You are also a singer. What songs do you prefer to sing for your children?

I sing a Brazilian song when they are going to sleep called "Undiú" by João Gilberto. I heard it in Rio several years before I had children, but I decided that I would sing it as a lullaby for my future children because it was so beautiful. My husband and I have been doing that since both children were born, and both children love it.

After living as a parent of young children in both New York and Stockholm, what do you think is the biggest difference?

Oh, everything is a big difference, but the biggest difference is that everything is so clean, fresh, calm, and child-friendly in Sweden. Every restaurant has a changing table! Having the freedom to do what you did before, even though you have children, works well in Sweden because of the accessibility, and it is wonderful.

You became a mother for the second time in July last year. Has the journey been different with your two daughters?

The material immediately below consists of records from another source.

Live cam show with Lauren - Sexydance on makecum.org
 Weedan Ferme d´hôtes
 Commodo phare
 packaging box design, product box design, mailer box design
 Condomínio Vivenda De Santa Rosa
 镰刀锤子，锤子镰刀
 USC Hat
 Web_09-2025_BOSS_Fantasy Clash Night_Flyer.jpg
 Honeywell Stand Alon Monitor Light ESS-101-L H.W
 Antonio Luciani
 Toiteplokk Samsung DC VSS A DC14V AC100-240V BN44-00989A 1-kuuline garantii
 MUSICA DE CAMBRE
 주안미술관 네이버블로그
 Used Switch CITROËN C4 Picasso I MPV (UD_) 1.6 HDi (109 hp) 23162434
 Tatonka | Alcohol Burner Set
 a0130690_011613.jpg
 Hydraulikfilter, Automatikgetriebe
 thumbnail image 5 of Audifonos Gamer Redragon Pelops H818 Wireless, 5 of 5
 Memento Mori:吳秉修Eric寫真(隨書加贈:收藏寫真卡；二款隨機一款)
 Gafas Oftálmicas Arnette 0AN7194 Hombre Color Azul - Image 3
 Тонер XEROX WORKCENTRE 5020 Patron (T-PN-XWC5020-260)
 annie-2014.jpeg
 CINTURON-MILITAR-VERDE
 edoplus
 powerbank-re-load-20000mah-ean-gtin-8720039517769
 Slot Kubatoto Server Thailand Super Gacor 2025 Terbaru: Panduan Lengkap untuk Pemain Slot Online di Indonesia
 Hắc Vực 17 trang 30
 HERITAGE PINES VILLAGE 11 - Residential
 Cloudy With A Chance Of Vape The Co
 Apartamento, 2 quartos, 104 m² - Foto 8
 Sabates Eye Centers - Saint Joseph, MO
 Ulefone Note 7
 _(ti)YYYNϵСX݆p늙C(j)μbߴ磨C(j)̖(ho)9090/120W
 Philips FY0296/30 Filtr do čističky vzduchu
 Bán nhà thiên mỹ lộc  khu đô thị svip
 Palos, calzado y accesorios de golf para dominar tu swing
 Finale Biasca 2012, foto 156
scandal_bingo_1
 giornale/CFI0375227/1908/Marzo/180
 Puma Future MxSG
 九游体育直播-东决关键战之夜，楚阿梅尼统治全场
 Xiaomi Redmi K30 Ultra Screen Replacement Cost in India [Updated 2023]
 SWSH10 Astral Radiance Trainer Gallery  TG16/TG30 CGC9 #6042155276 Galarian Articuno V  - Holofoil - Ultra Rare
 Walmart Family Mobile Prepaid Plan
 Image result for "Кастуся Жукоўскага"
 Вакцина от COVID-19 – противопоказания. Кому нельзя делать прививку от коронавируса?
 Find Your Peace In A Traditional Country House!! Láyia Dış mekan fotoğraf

Anaïs was born by emergency C-section in New York at 31 weeks in the darkest December. She stayed in the hospital for two months, and I couldn't stay there with her. I got post-traumatic stress and postpartum depression that lasted for almost two years. It is impossible to describe how tough it was, but I managed it, and I pumped milk around the clock for two months and took it to the hospital so that she would survive and grow. Today she is a wonderful four-year-old who is healthy, and I am doing well. Now Aymeline has also been born. She came in the middle of summer in Sweden, and we took it very easy and were just with each other and the family for five weeks. In the first month, I lived according to an Ayurvedic book for new mothers that was invaluable to me. I went into the bubble that I never had the chance to enter after Anaïs's birth and early days and felt that everything became good. I am so grateful to be where I am today, both children healthy and all of us doing well. It is such a joy.


Name three things you don't want to be without in life as a parent of young children?

Baby carrier in organic cotton, coconut oil, and yoga. All three are indispensable!

What does sustainability mean to you?

To appreciate what you have and take care of it. Buy clothes and things second-hand whenever possible. Take responsibility for the things you buy new as much as you can, by only shopping where the products are made in a good way without harmful chemicals and poor working conditions.

Do you have any special places you long to show your children?

I want to show my children the world. Other cultures and how magnificent and beautiful nature is, and that we must take good care of it. If you understand how big the world is and get to see how other people live, you gain humility towards life and a broader perspective on existence.

What do you hope to pass on to your children?

I have two girls, and I want nothing more than for them to understand their self-worth and never doubt it. I hope to give them inner strength, the courage to do what they want, the courage to say no, and a determination not to give up.

How do you wish the world to look like for your children to grow up in?

Such a tough question... Right now, it looks like the children will grow up in a catastrophic world with the environmental threat, nuclear weapons, and the rising wave of right-wing extremism, terrorism, and populism. But I hope and believe that humanity will take responsibility in time. I want the children to grow up and be able to enjoy a healthy nature and that there is compassion and community that extends across countries and borders. Dream world.

What is at the top of your wish list?

More time to paint, perhaps? But at the same time, I also long enormously to have a long summer vacation with the whole family. Always the combination that rocks. The balance.